2021年の秋、ムラサキ科の「エキウム ウィルドプレッティ(Echium wildpretii )」を6株購入しました。2024年の初夏に、全国の植物園が水戸市植物公園を視察するので、その時に咲いていたらいいなあ、と軽い気持ちでしたが、よく調べると栽培は難しく、健全に育つか不安になりました。
スペインのカナリア諸島原産で、小さな赤い花が螺旋状に咲いてタワーのような花穂になり、その外見から、宝石の塔(Tower of Jewels)と呼ばれ、花が咲くのは発芽してから2年目と言われます。とにかく高温多湿に弱く、夏を越すのが難しい植物らしい。光は大好きなので日当たりが良くて風通しが良く、水はけが良い場所が理想的です。

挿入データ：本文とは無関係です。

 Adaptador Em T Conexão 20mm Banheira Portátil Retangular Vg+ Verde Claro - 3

購入したのは10月8日。まず冬越しをどうしたら良いか?が第一関門でした。冬はマイナス5℃くらいまで耐えると言われ、ある程度の寒さにあてることが大切のよう。でも霜が降りる場所は避けた方が無難。寒さが心配で温室で育てては?とも思いましたが、水をあげるタイミングが難しいのでやめました。
そこで選んだ場所が、観賞大温室の壁沿いにあるレイズドベッドです。高さのある花壇なら風通しが良いし、温室のコンクリート壁は冬に暖かく、霜がほとんど降りません。植え穴には炭を入れ、排水の良い用土で株を植えました。

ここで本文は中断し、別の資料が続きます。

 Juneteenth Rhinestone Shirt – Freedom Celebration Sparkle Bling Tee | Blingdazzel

幸い寒さによる害はなく、2022年4月下旬には冬越しした株から花穂がグングン伸びて1m以上になりました。赤い花が螺旋状について、まさに「宝石の塔!」一緒に植えたハンネマニア(メキシカン チューリップポピー)などの黄花と色合いが良い花壇になりました。花が終わった株はしばらく放置し、茶色く見苦しくなると抜き捨てました。
2023年春、この花壇を寒さに強いサボテンのキンシャチやアガベなどを中心にした花壇に植え替えました。エキウムは、タネがこぼれて自然に発芽し、株がコンクリートの壁にピッタリ身を寄せてかなりの数が生育していました。移植して鉢上げした株は枯死したので、何もしないほうがいいだろうと、なるべく手を加えないで放置するよう心がけました。

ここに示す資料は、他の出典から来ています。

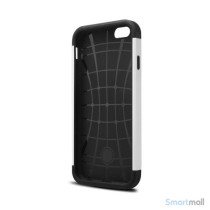 Staerkt hybrid-cover til iPhone 6 med dobbelt-beskyttelse - Hvid3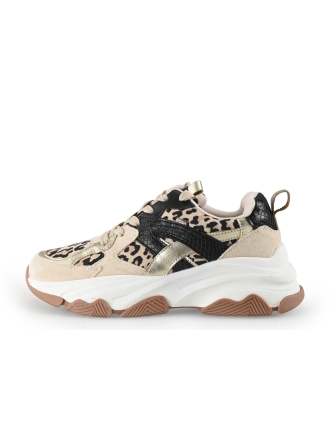 Poelman Sneakers Beige 344539
 Maat 38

そして全国の植物園の皆さんをお迎えする2024年、4月上旬から上部が伸び出し4月25日には赤い花が咲き始めました。5月12日くらいまで鑑賞できる美しさでしたが、視察日は花が終わった状態でした。
「(咲いた後を見て)すごいな、関西では寒さに十分あてなかったから、咲かない植物園が多かったんですよ」と伺い、ちょっと嬉しくなりました。
そして現在、咲き終わった株が15株、葉が茂っているのが1株ありますから、来年は1株咲く予定。春に自然発芽してくれれば、再来年は見事なエキウム花壇が見られるでしょう。